St. Petersburg kentinde önceki gün metroya karşı girişilen
intihar saldırısı, terörün sınır tanımadığını bir kez daha
gösterdi.
Aslında Rusya teröre yabancı bir ülke değil. Daha 2000’lerin
başında ayrılıkçı Çeçen militanları Rusya’da kanlı eylemlere
girişmeye başlamıştı. 2010’da Moskova metrosuna karşı
gerçekleştirilen saldırı bunlardan biriydi.
Rusya’nın Suriye’de askeri varlığını gösterdikten sonra, terör
tehdidi IŞİD’den gelmeye başladı. Mısır’ın Şarm el Şeyh sayfiye
kentinden St. Petersburg’a dönmekte olan 224 Rus turisti taşıyan
Rus uçağı, bagaj bölümüne konan bir bombayla düşürüldü.

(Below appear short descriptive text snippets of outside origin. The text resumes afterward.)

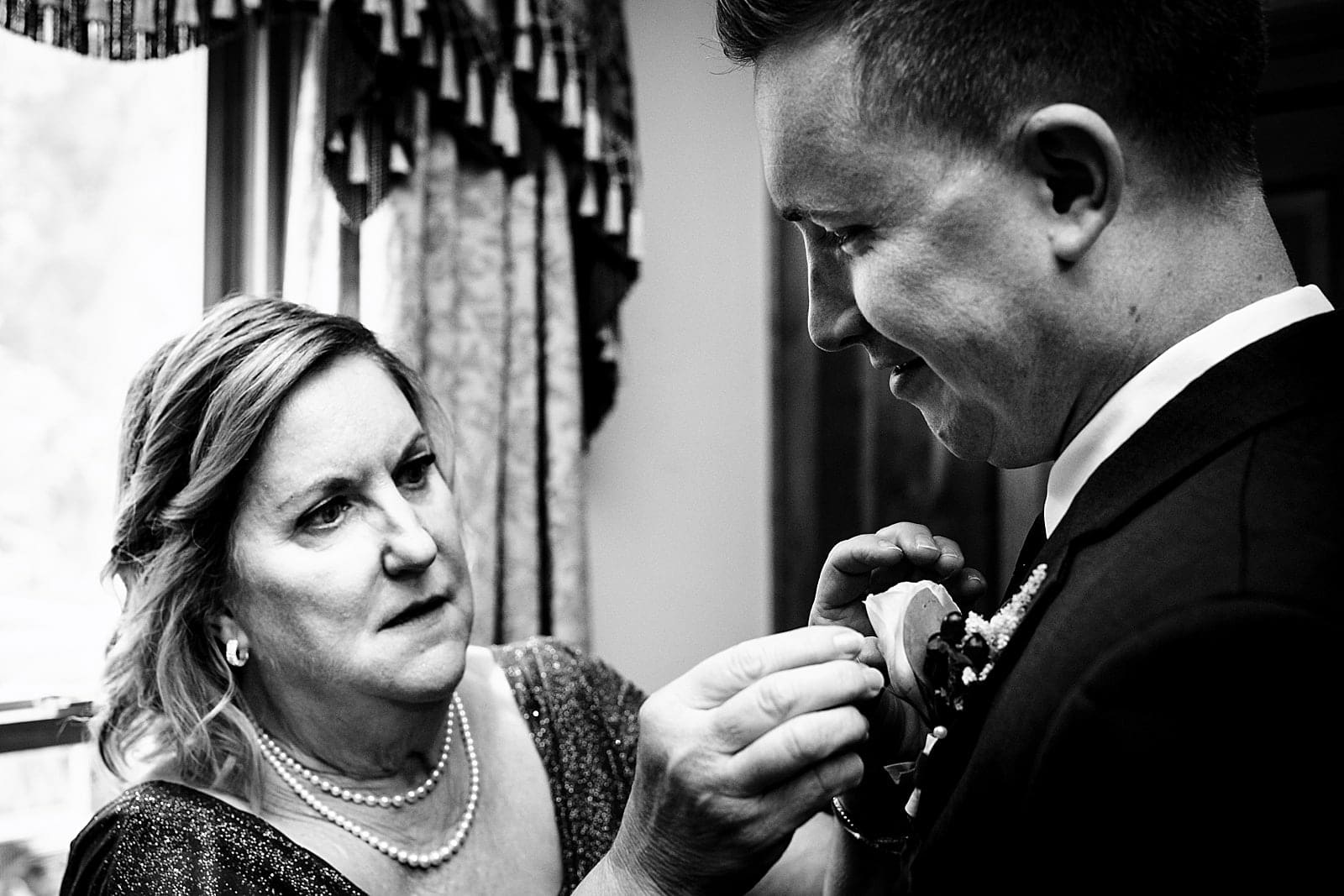 getting ready photos at the Matthews House in Cary, NC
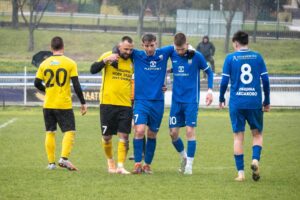 ФК Аксаково посреща Устрем (Дончево) в 25-ия кръг на Североизточната Трета лига ФК Аксаково е домакин на Устрем (Дончево) в мач от 25-ия кръг на Североизточната Трета лига. Двубоят е в събота, 11 април, от 16:00 часа на стадион "Аксаково". Сините имат сериозни кадрови проблеми за срещата. Михаил Паскалев още е аут, Димитър Димитров продължава възстановяването си от контузия, а Димитър Симеонов получи травма в предишния двубой срещу Волов-Шумен 2007 и ще отсъства около две седмици. В допълнение, Емануил Генов е дълготрайно контузен. Единствената по-положителна новина е, че Слави Сталев би трябвало да е на разположение за мача. Утре тимът ще проведе последна тренировка преди двубоя; поради почивния ден тя е насрочена за 16:00 часа. "Готвим се усилено. Дончево е добър отбор, но ние излизаме да играе за победа, както във всеки мач.", сподели помощник треньорът на тима Десислав Дяков.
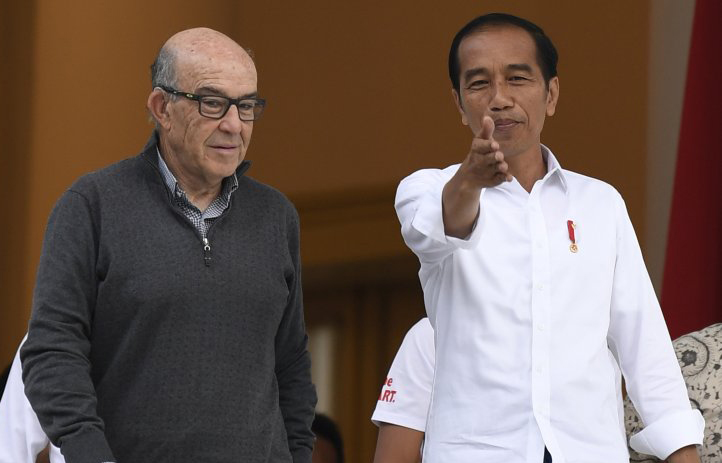 Presiden Jokowi saat bertemu dengan CEO MotoGP Dorna Carmelo Ezpelata. (Foto: Antara)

Rusya’nın Esad rejimini desteklemesi ve Rus uçaklarının yoğun
bombardıman operasyonlarına girişmesi IŞİD’in -veya DAEŞ’in- bu
ülkeye karşı açıkça cephe almasına ve onu misilleme eylemleriyle
tehdit etmesine yol açtı.
Rastlantı değil
St. Petersburg metrosuna karşı Kırgız kökenli genç bir teröristin
intihar saldırısını gerçekleştirmesi, birkaç bakımdan dikkat
çekicidir.
Saldırının Rusya Cumhurbaşkanı Vladimir Putin’in doğum yeri olan bu
kentte, Belarus mevkidaşıyla bir görüşme yaptığı esnada
yapılmasının bir rastlantıdan çok, önceden yeri ve zamanı iyi
planlanmış bir eylem olduğu anlaşılıyor.